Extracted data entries
+++++

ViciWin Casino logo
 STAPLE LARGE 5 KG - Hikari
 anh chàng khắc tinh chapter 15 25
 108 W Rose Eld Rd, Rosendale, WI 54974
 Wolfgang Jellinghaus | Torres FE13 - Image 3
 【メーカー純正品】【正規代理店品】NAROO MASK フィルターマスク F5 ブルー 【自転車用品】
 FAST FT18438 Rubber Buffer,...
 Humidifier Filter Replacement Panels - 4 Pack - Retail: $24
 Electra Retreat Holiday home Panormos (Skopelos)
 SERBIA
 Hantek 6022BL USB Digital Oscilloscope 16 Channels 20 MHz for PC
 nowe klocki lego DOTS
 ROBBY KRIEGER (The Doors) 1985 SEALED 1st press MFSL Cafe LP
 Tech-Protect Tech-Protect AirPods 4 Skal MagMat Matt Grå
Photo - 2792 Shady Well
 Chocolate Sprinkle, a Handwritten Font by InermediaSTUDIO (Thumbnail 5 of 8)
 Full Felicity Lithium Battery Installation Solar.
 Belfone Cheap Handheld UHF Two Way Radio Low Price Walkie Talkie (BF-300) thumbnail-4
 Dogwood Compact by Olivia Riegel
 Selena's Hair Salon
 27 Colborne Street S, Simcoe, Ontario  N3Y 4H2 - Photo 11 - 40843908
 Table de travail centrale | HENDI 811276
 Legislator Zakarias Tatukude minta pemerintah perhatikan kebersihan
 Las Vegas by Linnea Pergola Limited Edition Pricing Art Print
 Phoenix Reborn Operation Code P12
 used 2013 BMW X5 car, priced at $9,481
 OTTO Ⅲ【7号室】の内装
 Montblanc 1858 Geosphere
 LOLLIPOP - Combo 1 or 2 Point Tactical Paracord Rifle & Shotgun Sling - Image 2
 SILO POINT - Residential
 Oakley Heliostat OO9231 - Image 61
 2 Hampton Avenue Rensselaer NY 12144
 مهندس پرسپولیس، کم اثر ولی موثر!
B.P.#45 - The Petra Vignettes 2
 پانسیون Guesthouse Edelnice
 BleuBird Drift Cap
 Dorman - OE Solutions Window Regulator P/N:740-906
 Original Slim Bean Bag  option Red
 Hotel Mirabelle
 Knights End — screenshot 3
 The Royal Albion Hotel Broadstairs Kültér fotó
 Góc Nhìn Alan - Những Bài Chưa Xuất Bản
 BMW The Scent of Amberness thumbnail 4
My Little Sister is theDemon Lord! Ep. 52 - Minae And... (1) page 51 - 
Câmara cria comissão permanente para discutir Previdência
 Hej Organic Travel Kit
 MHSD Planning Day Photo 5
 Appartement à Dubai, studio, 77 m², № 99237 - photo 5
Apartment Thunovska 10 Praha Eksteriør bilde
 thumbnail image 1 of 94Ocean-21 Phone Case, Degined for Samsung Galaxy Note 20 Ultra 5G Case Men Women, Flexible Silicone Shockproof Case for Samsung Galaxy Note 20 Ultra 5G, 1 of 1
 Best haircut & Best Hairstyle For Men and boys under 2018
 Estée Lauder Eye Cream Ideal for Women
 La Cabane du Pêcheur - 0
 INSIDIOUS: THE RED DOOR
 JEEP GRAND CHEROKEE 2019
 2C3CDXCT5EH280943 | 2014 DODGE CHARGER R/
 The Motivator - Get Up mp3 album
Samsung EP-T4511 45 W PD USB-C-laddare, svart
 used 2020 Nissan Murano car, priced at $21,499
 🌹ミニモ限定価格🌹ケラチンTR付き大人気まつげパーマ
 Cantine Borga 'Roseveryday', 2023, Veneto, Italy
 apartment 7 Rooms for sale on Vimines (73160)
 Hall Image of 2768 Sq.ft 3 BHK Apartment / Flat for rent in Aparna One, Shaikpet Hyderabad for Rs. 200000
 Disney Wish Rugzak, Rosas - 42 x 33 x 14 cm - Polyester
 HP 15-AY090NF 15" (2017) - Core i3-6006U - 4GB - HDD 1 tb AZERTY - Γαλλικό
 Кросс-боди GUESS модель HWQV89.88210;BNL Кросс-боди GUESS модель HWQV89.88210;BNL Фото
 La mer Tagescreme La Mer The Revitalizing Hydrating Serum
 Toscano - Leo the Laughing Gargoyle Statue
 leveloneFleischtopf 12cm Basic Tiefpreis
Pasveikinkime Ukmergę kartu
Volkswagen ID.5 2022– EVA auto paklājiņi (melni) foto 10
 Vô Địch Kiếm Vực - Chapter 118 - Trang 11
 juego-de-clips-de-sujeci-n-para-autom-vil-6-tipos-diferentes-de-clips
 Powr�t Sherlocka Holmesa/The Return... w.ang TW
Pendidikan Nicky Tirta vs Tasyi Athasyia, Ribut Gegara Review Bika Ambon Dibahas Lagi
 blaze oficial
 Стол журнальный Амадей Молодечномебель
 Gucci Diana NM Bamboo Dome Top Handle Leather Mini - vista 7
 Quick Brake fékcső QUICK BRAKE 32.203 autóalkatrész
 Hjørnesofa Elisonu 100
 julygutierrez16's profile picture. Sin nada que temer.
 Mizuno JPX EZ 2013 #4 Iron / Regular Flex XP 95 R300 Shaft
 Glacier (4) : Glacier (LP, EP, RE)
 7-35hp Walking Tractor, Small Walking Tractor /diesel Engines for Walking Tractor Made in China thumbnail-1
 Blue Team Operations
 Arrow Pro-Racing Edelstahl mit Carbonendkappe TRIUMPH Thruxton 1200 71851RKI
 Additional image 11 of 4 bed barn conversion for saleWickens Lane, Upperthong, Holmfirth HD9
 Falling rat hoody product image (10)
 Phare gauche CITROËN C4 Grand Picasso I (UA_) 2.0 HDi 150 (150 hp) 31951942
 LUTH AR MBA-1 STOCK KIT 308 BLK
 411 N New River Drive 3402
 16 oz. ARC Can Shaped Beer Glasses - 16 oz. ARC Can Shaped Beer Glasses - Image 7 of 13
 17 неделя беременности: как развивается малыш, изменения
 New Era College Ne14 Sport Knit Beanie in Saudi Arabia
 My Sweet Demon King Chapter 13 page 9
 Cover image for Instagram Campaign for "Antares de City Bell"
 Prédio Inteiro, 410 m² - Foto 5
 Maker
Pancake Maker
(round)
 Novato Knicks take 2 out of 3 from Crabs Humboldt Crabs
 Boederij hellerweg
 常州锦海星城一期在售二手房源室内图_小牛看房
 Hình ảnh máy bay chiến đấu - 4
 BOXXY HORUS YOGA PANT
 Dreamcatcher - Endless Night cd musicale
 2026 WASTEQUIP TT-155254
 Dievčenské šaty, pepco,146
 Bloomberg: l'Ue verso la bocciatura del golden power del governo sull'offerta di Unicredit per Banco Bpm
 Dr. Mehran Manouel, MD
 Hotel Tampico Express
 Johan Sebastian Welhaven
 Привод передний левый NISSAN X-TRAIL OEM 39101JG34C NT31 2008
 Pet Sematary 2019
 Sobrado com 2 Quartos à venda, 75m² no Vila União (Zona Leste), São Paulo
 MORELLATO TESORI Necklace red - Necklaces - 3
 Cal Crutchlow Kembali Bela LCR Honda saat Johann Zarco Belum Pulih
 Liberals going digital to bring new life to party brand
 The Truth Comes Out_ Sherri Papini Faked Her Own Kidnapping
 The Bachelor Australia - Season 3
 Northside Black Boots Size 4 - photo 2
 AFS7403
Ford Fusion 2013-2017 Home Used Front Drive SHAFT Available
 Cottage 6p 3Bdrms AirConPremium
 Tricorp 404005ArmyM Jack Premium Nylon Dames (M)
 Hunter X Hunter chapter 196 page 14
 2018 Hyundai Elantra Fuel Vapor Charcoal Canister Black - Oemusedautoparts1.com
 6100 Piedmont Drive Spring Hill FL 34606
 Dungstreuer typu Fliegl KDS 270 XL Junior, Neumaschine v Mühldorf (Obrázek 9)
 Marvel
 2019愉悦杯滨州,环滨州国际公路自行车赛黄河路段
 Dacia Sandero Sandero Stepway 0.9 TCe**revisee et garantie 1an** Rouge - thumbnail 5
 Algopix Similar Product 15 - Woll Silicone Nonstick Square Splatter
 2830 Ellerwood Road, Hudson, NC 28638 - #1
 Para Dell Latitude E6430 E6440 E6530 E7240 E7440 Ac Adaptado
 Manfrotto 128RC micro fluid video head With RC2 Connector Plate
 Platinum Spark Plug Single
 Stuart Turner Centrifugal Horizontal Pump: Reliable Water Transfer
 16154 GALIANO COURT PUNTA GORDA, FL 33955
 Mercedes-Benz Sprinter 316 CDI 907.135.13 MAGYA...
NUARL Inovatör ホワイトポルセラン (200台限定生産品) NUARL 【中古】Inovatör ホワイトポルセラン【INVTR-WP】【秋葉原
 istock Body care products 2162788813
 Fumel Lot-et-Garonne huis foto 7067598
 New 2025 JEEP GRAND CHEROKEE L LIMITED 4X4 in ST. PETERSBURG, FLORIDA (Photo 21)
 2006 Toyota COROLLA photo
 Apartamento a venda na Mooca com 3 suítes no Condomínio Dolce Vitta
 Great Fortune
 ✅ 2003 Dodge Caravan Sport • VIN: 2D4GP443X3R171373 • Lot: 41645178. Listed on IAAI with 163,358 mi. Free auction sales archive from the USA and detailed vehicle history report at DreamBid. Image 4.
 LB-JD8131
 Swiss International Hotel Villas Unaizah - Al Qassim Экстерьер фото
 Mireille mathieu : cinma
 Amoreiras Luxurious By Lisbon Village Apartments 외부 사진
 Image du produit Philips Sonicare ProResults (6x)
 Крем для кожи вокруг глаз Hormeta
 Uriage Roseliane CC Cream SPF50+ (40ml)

+++++

▶ [YOUR ASSIGNMENT]: Produce exactly the lines from the one containing "Fumel Lot-et-Garonne huis foto 7067598" through the final line of the records above, both included, and no others.

▶ [EXERCISE OUTPUT]:
 Fumel Lot-et-Garonne huis foto 7067598
 New 2025 JEEP GRAND CHEROKEE L LIMITED 4X4 in ST. PETERSBURG, FLORIDA (Photo 21)
 2006 Toyota COROLLA photo
 Apartamento a venda na Mooca com 3 suítes no Condomínio Dolce Vitta
 Great Fortune
 ✅ 2003 Dodge Caravan Sport • VIN: 2D4GP443X3R171373 • Lot: 41645178. Listed on IAAI with 163,358 mi. Free auction sales archive from the USA and detailed vehicle history report at DreamBid. Image 4.
 LB-JD8131
 Swiss International Hotel Villas Unaizah - Al Qassim Экстерьер фото
 Mireille mathieu : cinma
 Amoreiras Luxurious By Lisbon Village Apartments 외부 사진
 Image du produit Philips Sonicare ProResults (6x)
 Крем для кожи вокруг глаз Hormeta
 Uriage Roseliane CC Cream SPF50+ (40ml)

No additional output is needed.